John W. Davis of Davis, Donnell, Worral & Bancroft, P.C., Worland, for petitioners John and Jane Doe.
Before THOMAS, C.J., and ROSE, ROONEY, BROWN and CARDINE, JJ.
This appeal is from a "Final Order of Adoption" granted by the Washakie County District Court, permitting John and Jane Doe to adopt RHA. Appellant PAA, the father of RHA, raises the following issues:
Petitioners in the district court, John and Jane Doe, cross-appeal and raise an additional issue:
We will affirm the district court in both appeals.

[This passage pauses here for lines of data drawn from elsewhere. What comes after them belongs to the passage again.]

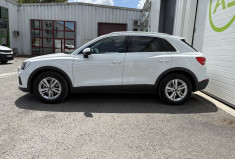Audi Q3 35 TFSI 150 cv Design S-tronic7 * Mild Hybrid * Carplay * Virtual * Caméra * Hayon Elec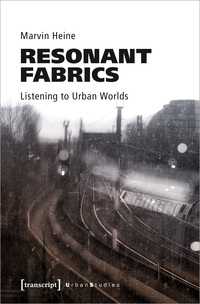 Vorderes Coverbild Resonant Fabrics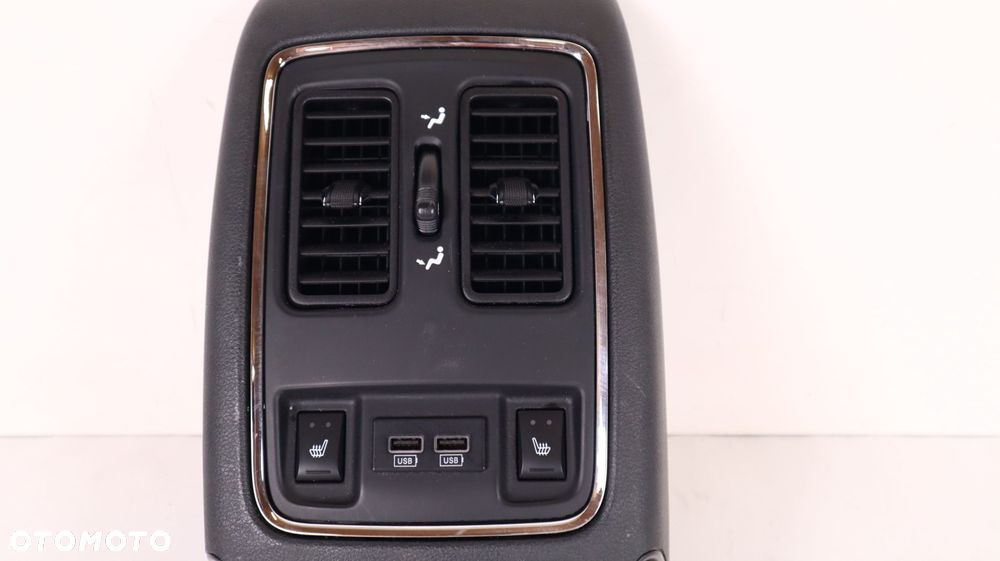 JEEP GRAND CHEROKEE WK2 KRATKA NAWIEWU TYŁ 1VP301X9AE - 5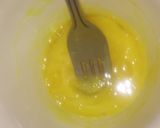 Foto del paso 2 de la receta: Queque en microondas
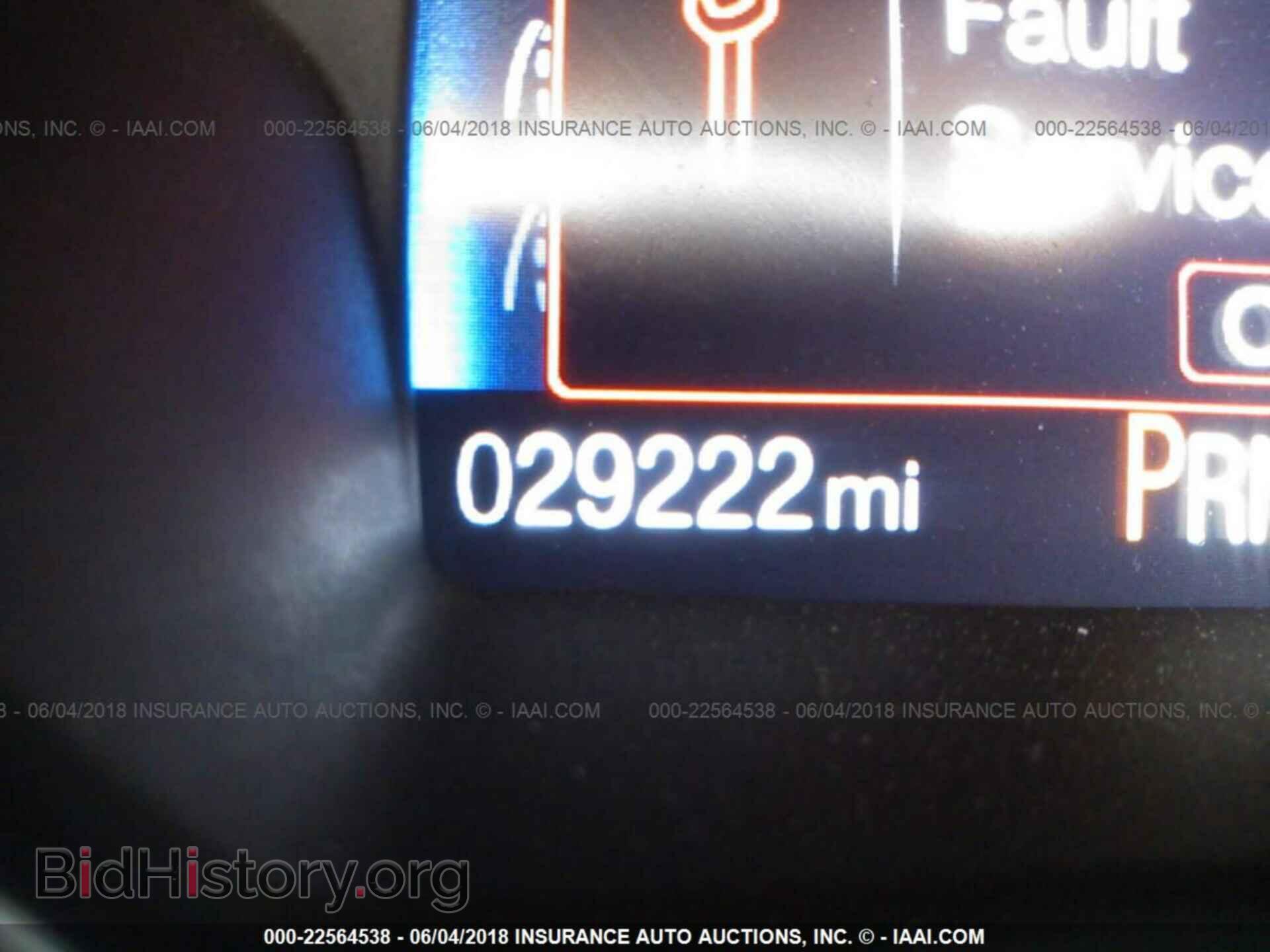 2017 Ford Focus - VIN: 1FADP3K25HL215886 - Photo 7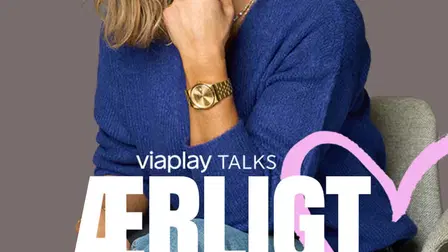 Ærligt Talt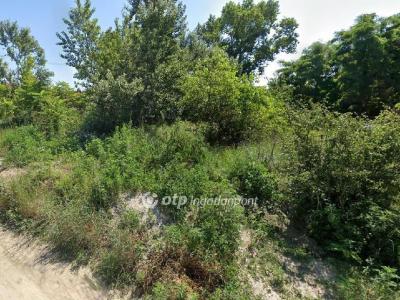 Eladó lakóövezeti telek Szigetszentmiklós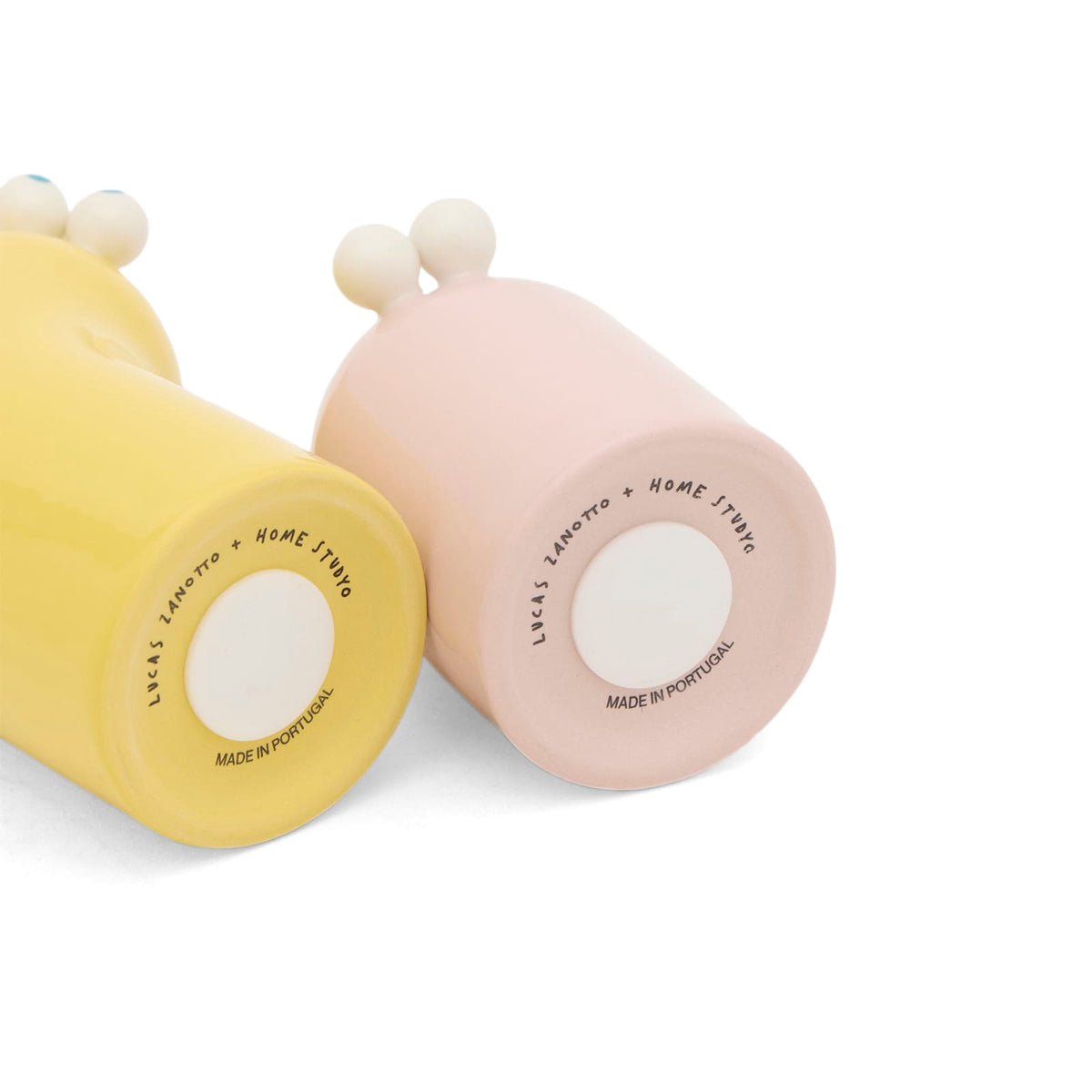 Home Studyo x Lucas Zanotto Salt & Pepper Shakers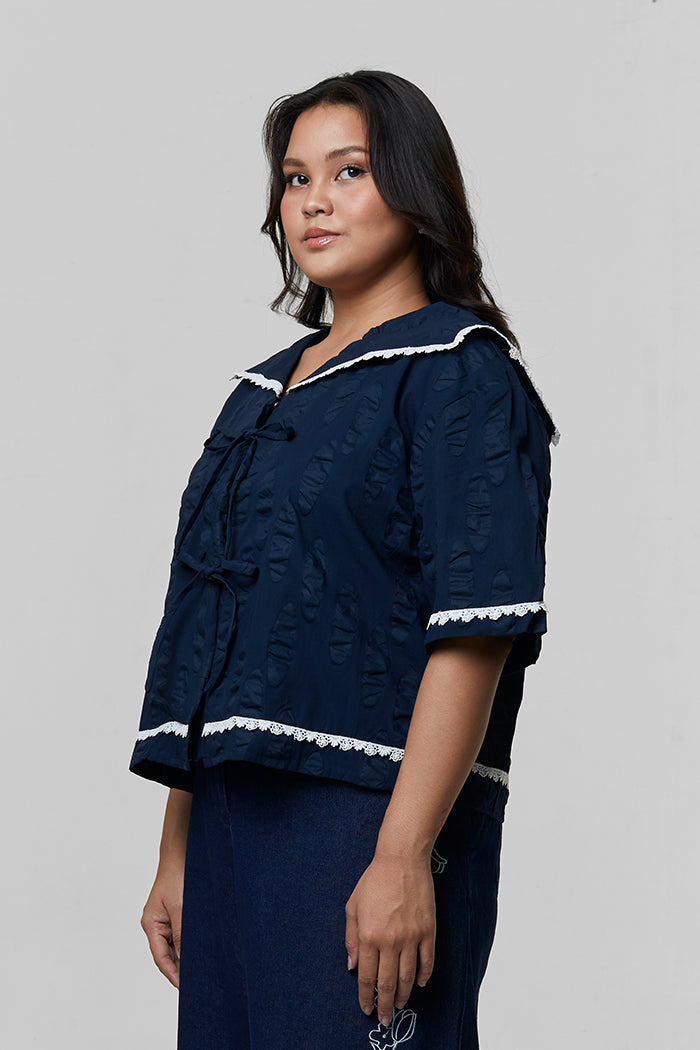Navy Ethea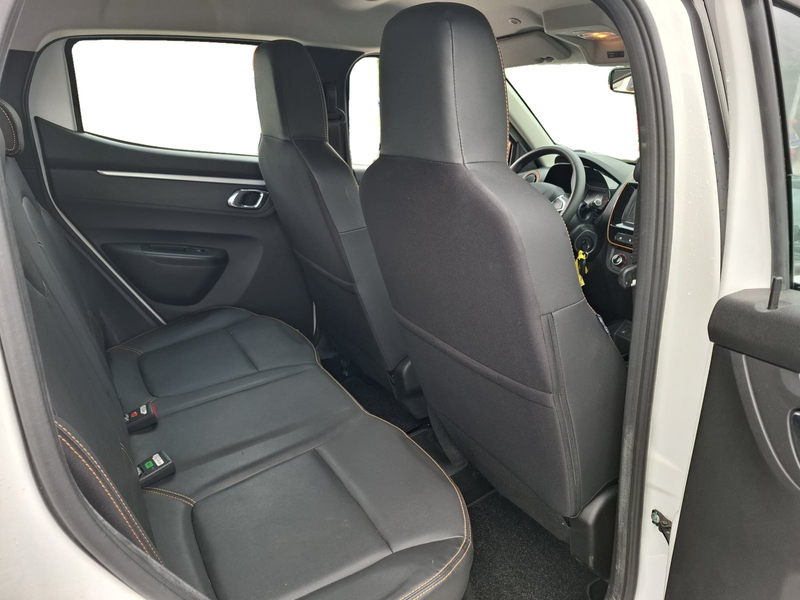 Dacia Spring Comfort Plus Comfort Plus RFK Klima — photo 12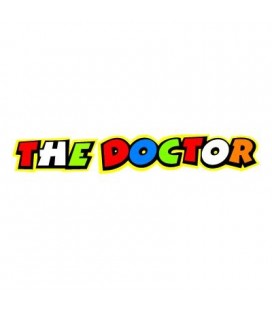 The Doctor 01
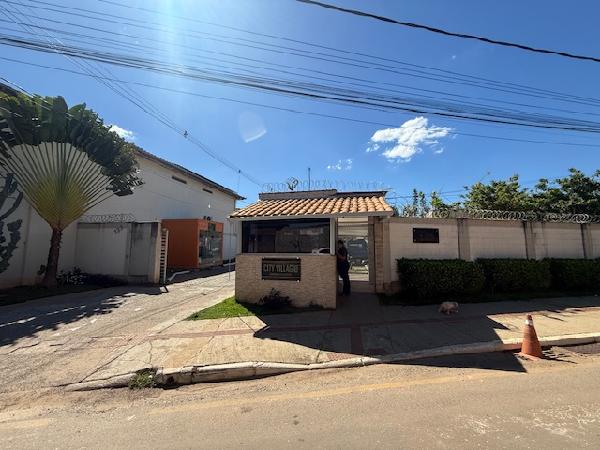 Apartamento - Venda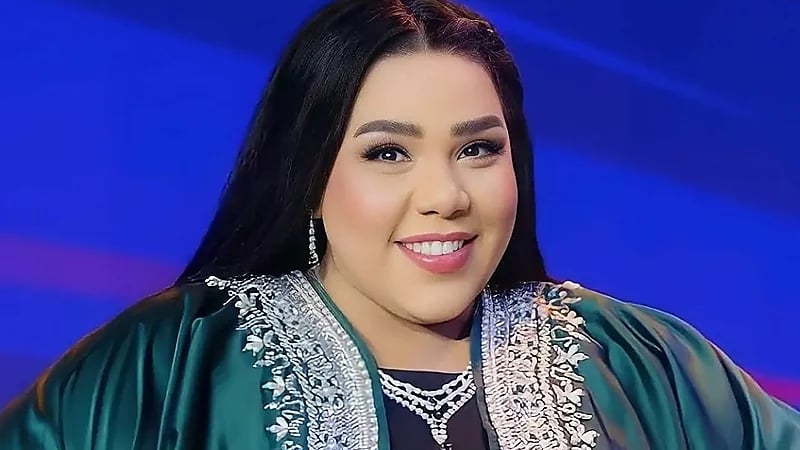 شيماء سيف تظهر بـ لوك جديد بعد فقدانها للوزن .. فيديو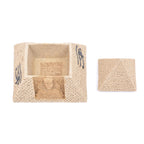 Egyptian Pyramid  Ash Tray
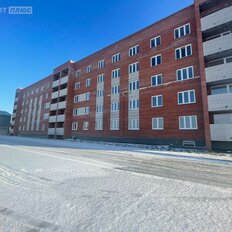 Квартира 29,5 м², 1-комнатная - изображение 2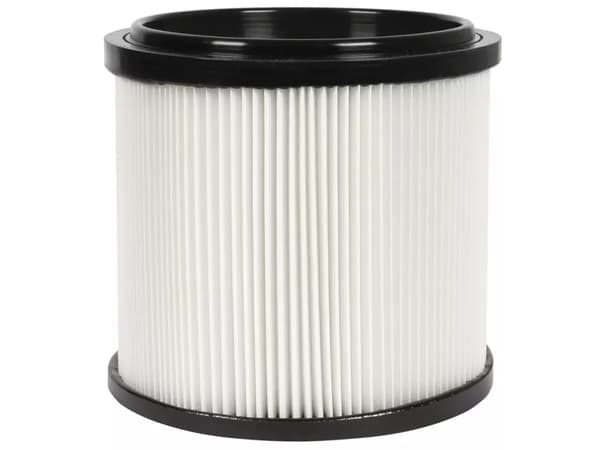 Einhell 2351126, Filter, Hvit, L, Einhell, 15 cm, 175 mm
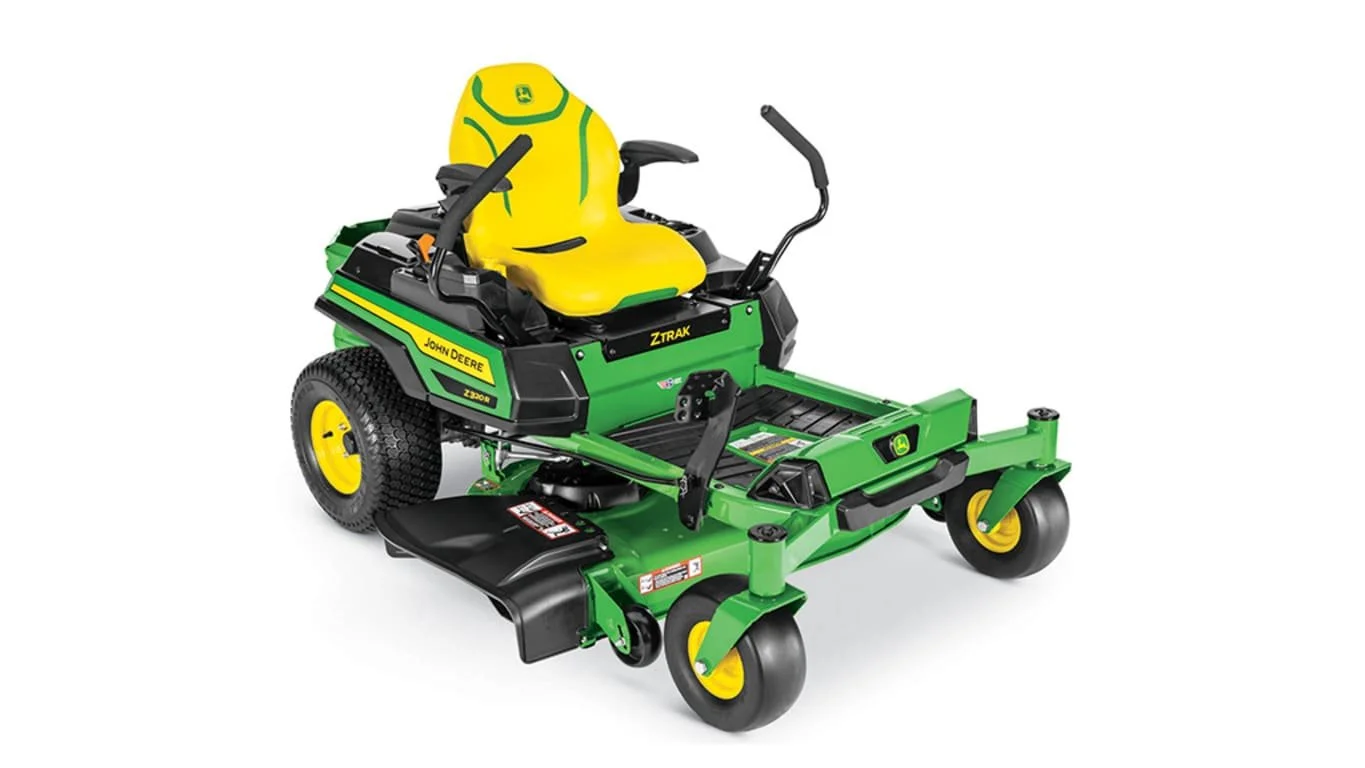 1-507.webp Z20R ZTrak™ Mower with 42-in. Decks.
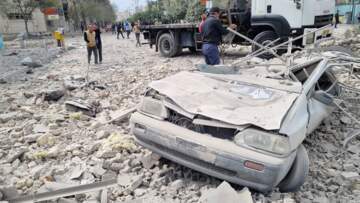 روز هجدهم/موج ۵۷ عملیات وعده صادق۴/ هدف قرار دادن زیرساخت&zwnj;های ارتباط فرماندهی و کنترل و دفاع موشکی صهیونیستها/بروزرسانی می شود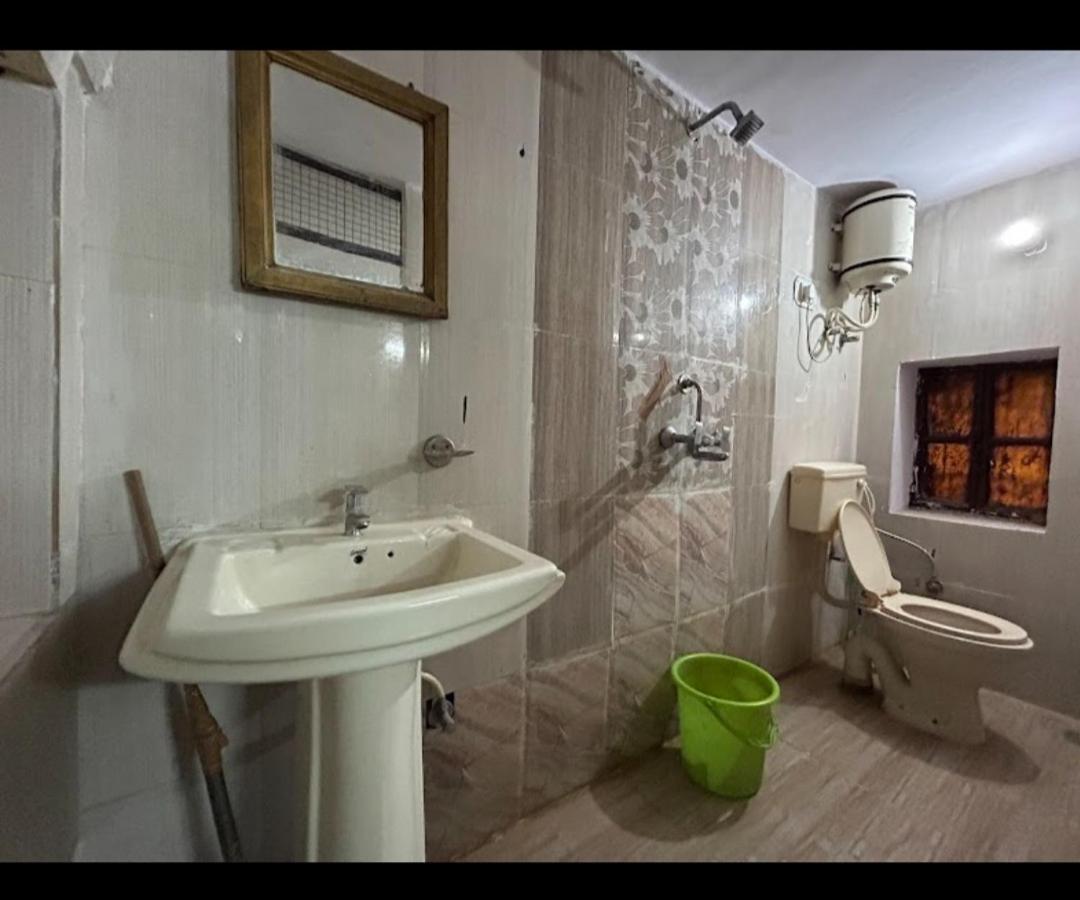 Tanu'S Homestay Jodhpur  Eksteriør bilde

RHA is one of the children of the marriage of RA and PAA. The marriage ended in divorce, with PAA abandoning his family. In 1981, seven years later, after RHA had been molested by her stepfather, she went to live with her father, PAA, in Powell, Wyoming. Appellant PAA began sexual intercourse with his twelve-year old daughter in July, 1981, and had sexual intercourse with her about fifty times before she revealed to authorities what had been taking place. She was removed from her father's home in late October 1981, and criminal charges were brought against him. At a criminal trial in July, 1982, PAA was convicted of the crimes charged in the information, and was
"* * * sentenced to: six to eight years in the penitentiary for taking indecent liberties with a child in violation of § 14-3-105, W.S.1977; four to five years in the penitentiary for committing incest in violation of § 6-5-102, W.S.1977; and four to five years in the penitentiary for engaging in illicit sexual relations with a child in violation of § 14-3-104, W.S.1977; all sentences to be served concurrently." [PAA] v. State, Wyo., 660 P.2d 1156 (1983).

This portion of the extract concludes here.